Short report

The emergence of a novel pathogen of pandemic potential, as occurred in 2009 with the influenza A(H1N1)pdm09 virus, requires the development of clinical case definitions to assist in managing the clinical, laboratory and public health responses to the new disease. A(H1N1)pdm09 virus is a quadruple reassortant virus of mostly swine-origin influenza genes that was first reported in the United States of America (USA) on 24th April 2009[1], although it was believed to have emerged in Mexico earlier[2].

The Australian Health Management Plan for Pandemic Influenza (AHMPPI)[3], was executed prior to the declaration of pandemic influenza by the World Health Organisation on the 11th June 2009. Specific testing for A(H1N1)pdm09 virus began on the 28th April at the start of the ALERT phase. The ALERT phase was defined as the period when only a few cases of A(H1N1)pdm09 had been reported in a few countries, but not in Australia, with control measures implemented for quarantine purposes[3]. The CONTAIN phase defined the period when the A(H1N1)pdm09 virus had arrived in Australia with few confirmed infections or small clusters of cases, with measures in place for the rapid identification of infections and containment[3]. The first Australian cases were imported from the Americas; the first locally-acquired case in New South Wales (NSW) was identified on the 20th May: a 3 year old whose mother had acquired laboratory-confirmed A(H1N1)pdm09 virus infection during a 10-day holiday to the USA[4]. During the CONTAIN phase between 22nd May and 16th June, all laboratory requests were triaged to limit testing to individuals who met the CONTAIN phase clinical case definition: individuals showing symptoms of influenza-like illness (ILI) within 7 days of travel to A(H1N1)pdm09-declared areas, or people with febrile respiratory illness with onset within 7 days of contact with a laboratory-confirmed case[5]. Although clinical case definitions may be sensitive for a newly circulating pandemic virus, it may lack specificity, and testing algorithms detecting the novel virus alone will fail to detect other co-circulating respiratory viruses.

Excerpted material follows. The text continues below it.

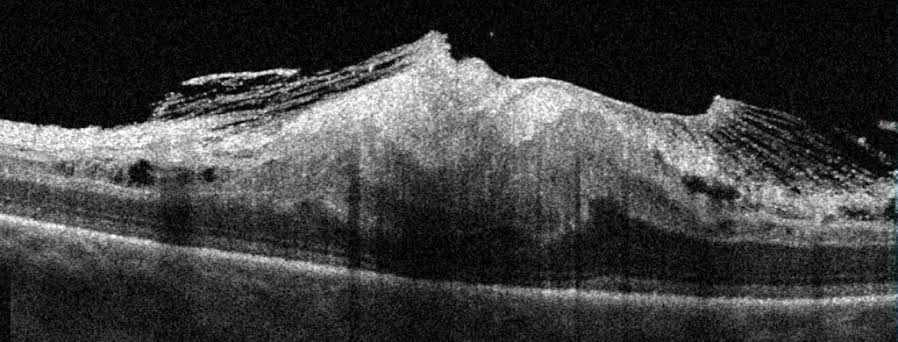 OCT scan showing an epiretinal membrane with macular surface distortion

Within Australia during the early pandemic phases, the cities of Melbourne and Brisbane reported cases earlier than Sydney (NSW). Following the first laboratory-confirmed A(H1N1)pdm09 case in NSW, another six influenza A cases were reported on the 24th May from passengers of a cruise ship that had departed Sydney on a 10-day cruise in the Pacific Ocean on the 16th May. The ship stopped at New Caledonia and Vanuatu, islands that had not reported circulation of A(H1N1)pdm09 virus at the time[6]. Combined nose and throat swabs collected in viral transport medium were tested for A(H1N1)pdm09 virus by nucleic acid tests (NAT) at the WHO National Influenza Centre in Sydney. Between the 25th May and the 7th June, 1466 patient samples met the CONTAIN-phase definition for laboratory testing, of which 56 (3.8%) were positive for A(H1N1)pdm09 virus by NAT. Of these, 43/56 reported a travel history outside Australia, including the 37 passengers on the cruise ship and six with a history of air travel to other countries. From the 4-7th June, 13 locally acquired cases from known contacts were identified, 11 from contacts within Australia and two from people who had recently returned from the USA. Samples received from the 25th May to 7th June were considered representative of the population suffering from ILI not requiring hospitalisation. As A(H1N1)pdm09 virus was only detected in 3.8% of samples, we performed NAT for other respiratory viruses on randomly selected samples collected from subjects that had met the clinical case definition during the CONTAIN phase.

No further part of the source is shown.